Jill Durocher

Comparing Mortality Risk of Induced Abortion With Mortality Risk of Staying Pregnant

November 1st, 2023
Abortion, general
Stevenson AJ, Raymond EG, Grossman D

Contraception; November 2023; Vol. 127; 110150; doi:

Objectives: We aimed to directly compare the mortality risk of induced abortion with the mortality risk of staying pregnant. Prior work has compared the mortality risk of abortion with the mortality risk of delivery, but this excludes deaths during pregnancy and postpartum and thus understates the counterfactual mortality risk.
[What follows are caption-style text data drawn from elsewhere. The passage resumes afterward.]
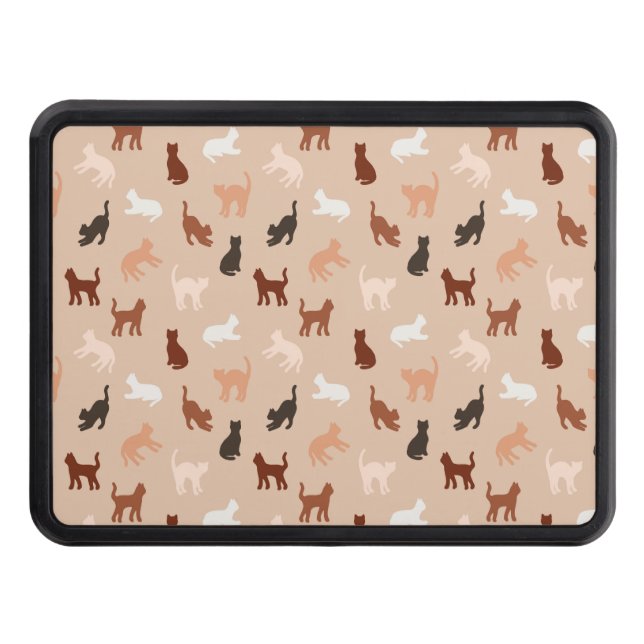 Cat silhouette hitch cover (Front)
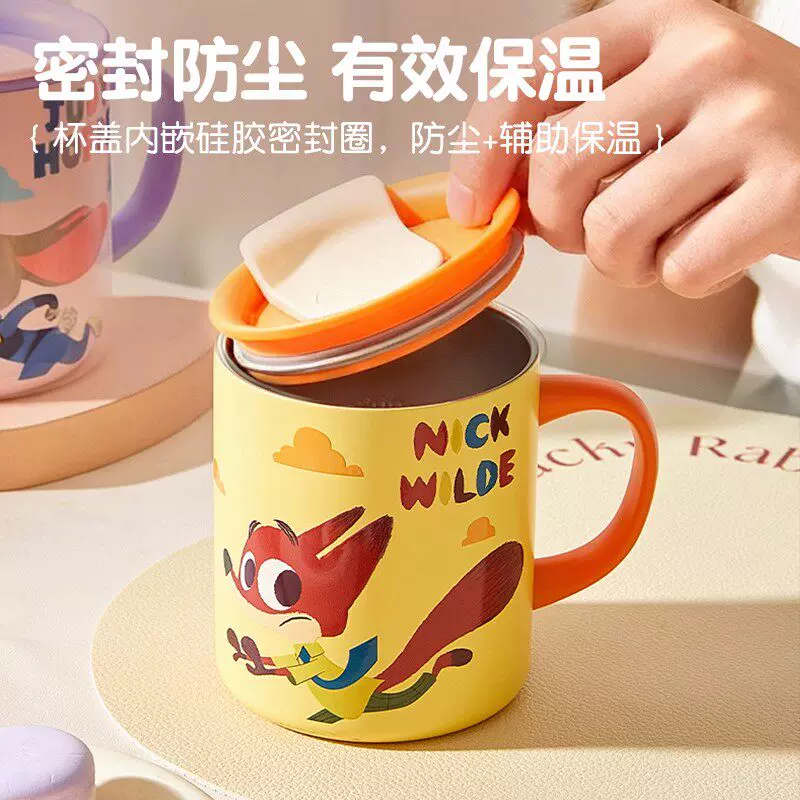 Дисней Зоотопия терм mug 316L нержавеющая сталь кружка детская вода кружка домашняя открытая кружка антипадение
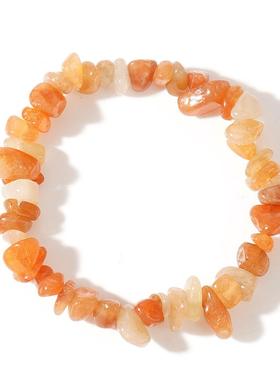 不规则原石原石水晶矿物女士手链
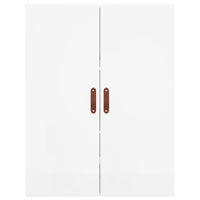 Thumbnail for Highboard Hochglanz-Weiß 69,5x34x180 cm Holzwerkstoff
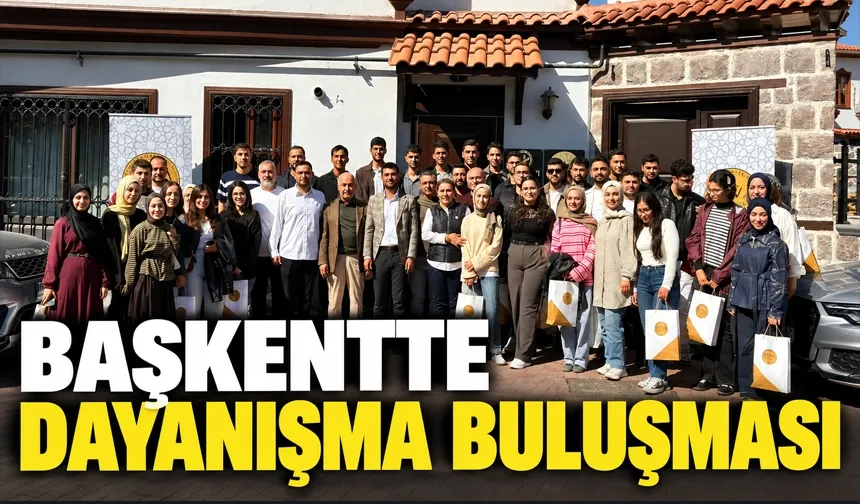 Ankara’daki üniversiteli öğrenciler vakıf ve derneğin konuğuydu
Methods: Using US statistics on pregnancy-related mortality (2013–2017), maternal mortality (2020), births, fetal deaths, and induced abortions, we constructed multiple decrement pregnancy life tables by week of gestation and cause-deleted pregnancy life tables to simulate risks in the absence of induced abortion. For each year, we constructed life tables under a wide but plausible range of assumptions (weekly miscarriage probabilities, fetal death underreporting, timing of pregnancy-related deaths during pregnancy, and distributions of induced abortion within reported gestational week ranges). For each set of assumptions, we used the cause-deleted life table to calculate the risk of dying due to staying pregnant at each week of gestation; the risk of dying due to staying pregnant rather than having an abortion is the average of the weekly risk, weighted by weekly induced abortions. We expressed this risk as a multiple of the risk of dying due to having an abortion between 2013 and 2019, 0.43 deaths/100,000 abortions.

Results: In 2020, staying pregnant was 35–39 times deadlier than induced abortion. During 2013–2017, staying pregnant was 32–35 times deadlier than induced abortion.

Conclusions: Induced abortion is much safer than staying pregnant and denying wanted abortions forcibly exposes pregnant people to higher risk of mortality.